In the absence of definitive therapy for coronavirus disease (COVID-19), convalescent plasma therapy (CPT) may be a critical therapeutic option. This review was conducted to evaluate the impact of CPT in COVID-19 patients based on the publications reported to date. A robust screening of electronic databases was conducted up to 10th July 2020. Randomized controlled trials (RCTs), cohort studies, and case series with a control group evaluating the effectiveness and safety of CPT in patients with COVID-19 are included for the meta-analyses. Our search retrieved seven studies, including two RCTs and five cohort studies, with a total of 5444 patients. In patients with COVID-19, the use of CPT reduces mortality (odd's ratio [OR] 0.44; 95% CI, 0.25-0.77), increases viral clearance (OR, 11.29; 95% CI, 4.9-25.9) and improves clinically (OR, 2.06; 95% CI, 0.8 to 4.9). However, the evidence is of low quality (mortality reduction, and viral clearance), and very low quality (clinical improvement). CPT may be beneficial for reducing mortality, viral shedding and improving clinical conditions in COVID-19 patients. However, further randomized control trials (RCT) are required to substantiate the safety margin, initiation, optimal dosage, titre and duration of CPT.

Ratings
Discipline / Specialty Area Score
Respirology/Pulmonology
Hospital Doctor/Hospitalists
Internal Medicine
Intensivist/Critical Care
Comments from MORE raters

Hospital Doctor/Hospitalists rater

COVID-19 breeds early systematic reviews of evolving therapeutic results. Here, it is convalescent plasma therapy (an approach first used during the 'Spanish Flu' pandemic). This review is nicely balanced. After examining two randomised controlled trials (in 86 and 103 subjects), 1 case control study (185 subjects) and 5 cohort study reports (20 - 29 subjects plus one of mortality in 5000 patients given plasma), forest plots suggest reduced mortality, accelerated viral clearance, and faster clinical improvement after convalescent plasma infusion. Nevertheless, the authors rightly warn the data are potentially flawed ('low' to 'very low' quality). Much larger and better trials are underway. One hopes they will confirm and not refute these results.

Hospital Doctor/Hospitalists rater

This affirms prior understanding that convalescent plasma has the potential to improve the care of severely and critically ill COVID-19 patients, but that there is insufficient data to be confident in its efficacy, safety, and indications.

Intensivist/Critical Care rater

This is a well conducted meta analysis, though quality of evidence of the included studies was low.

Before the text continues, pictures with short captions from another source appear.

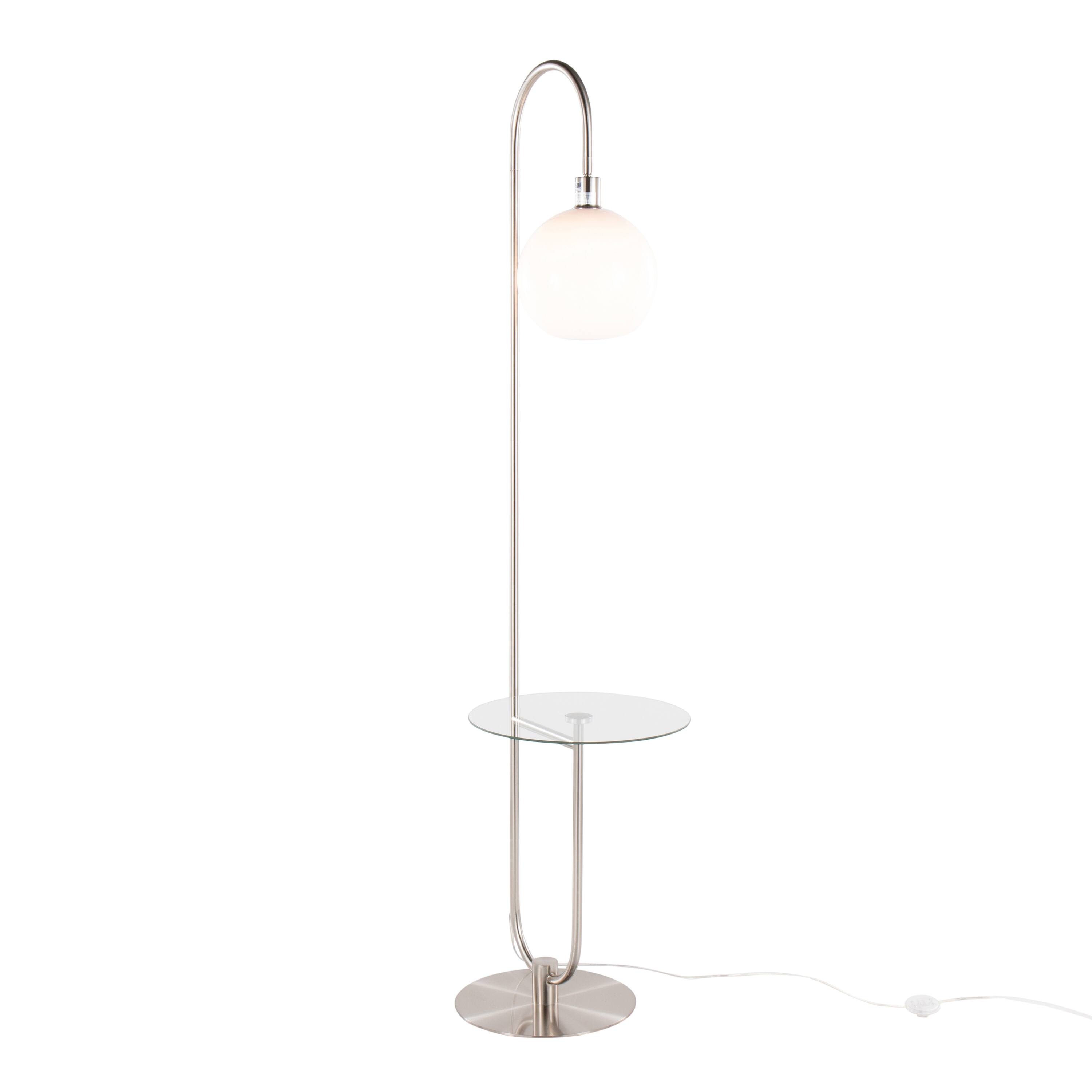 Angle. Loheer - Loheer Trombone Contemporary Floor Lamp Nickel Metal with Clear Glass Shelf Modern Tall Standing Light - Nickel.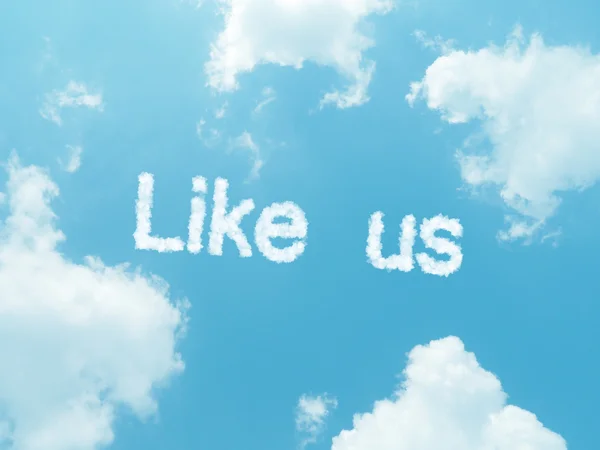 Cloud words with design on blue sky background — Stock Photo, Image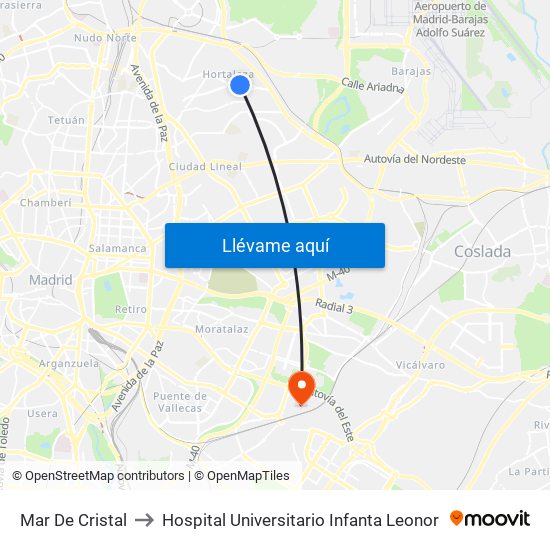 Mar De Cristal to Hospital Universitario Infanta Leonor map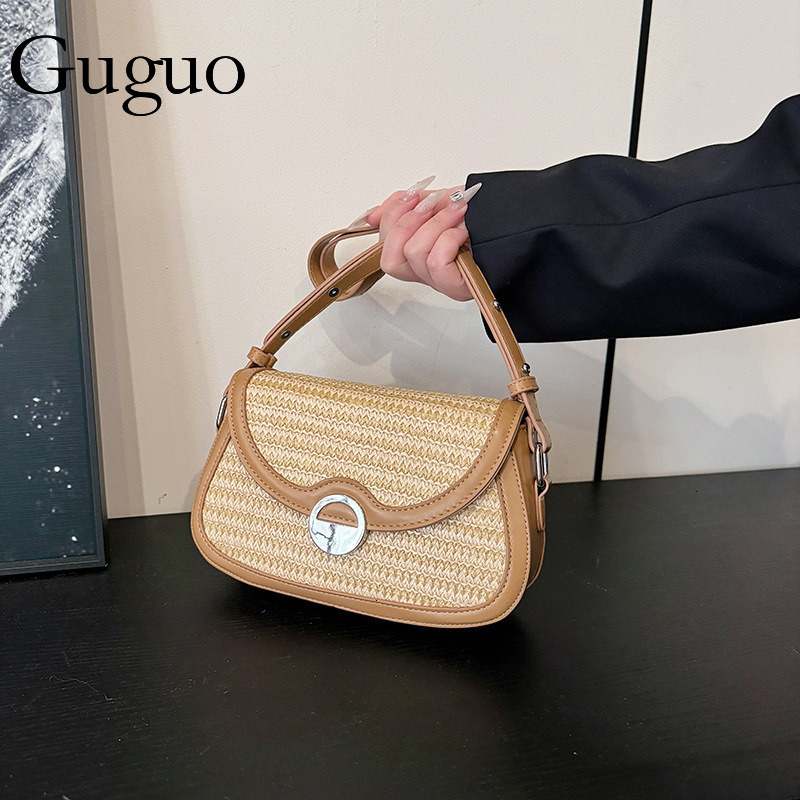 Luxury Bag Guguo Designer Bag Leopard Print Color-blocking Underarm Lock Small Bag For Women 2025 New Beach Woven Bag Crossbody Straw Woven Small Squa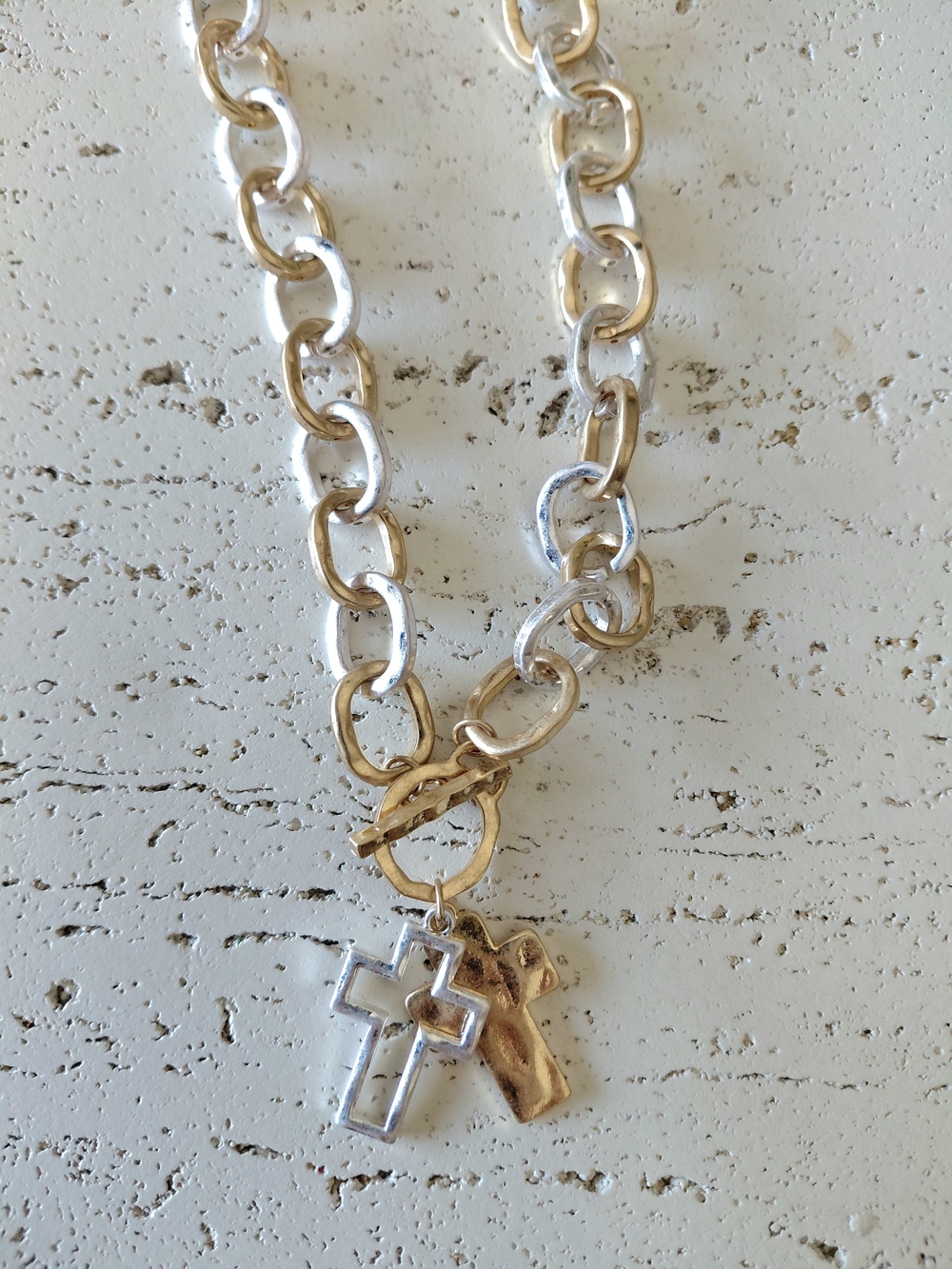 Two-Tone Cross Charm Chain Necklace — Gold & Silver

Respirology/Pulmonology rater

This SR is limited to 2 RCT and few observational studies. Despite the meta analysis support a potential benefit of cPlasma, additional evidence from RCT is needed.

Respirology/Pulmonology rater

Good summary of available literature to date.

Respirology/Pulmonology rater

Systematic review and meta analysis are useless at this point of time.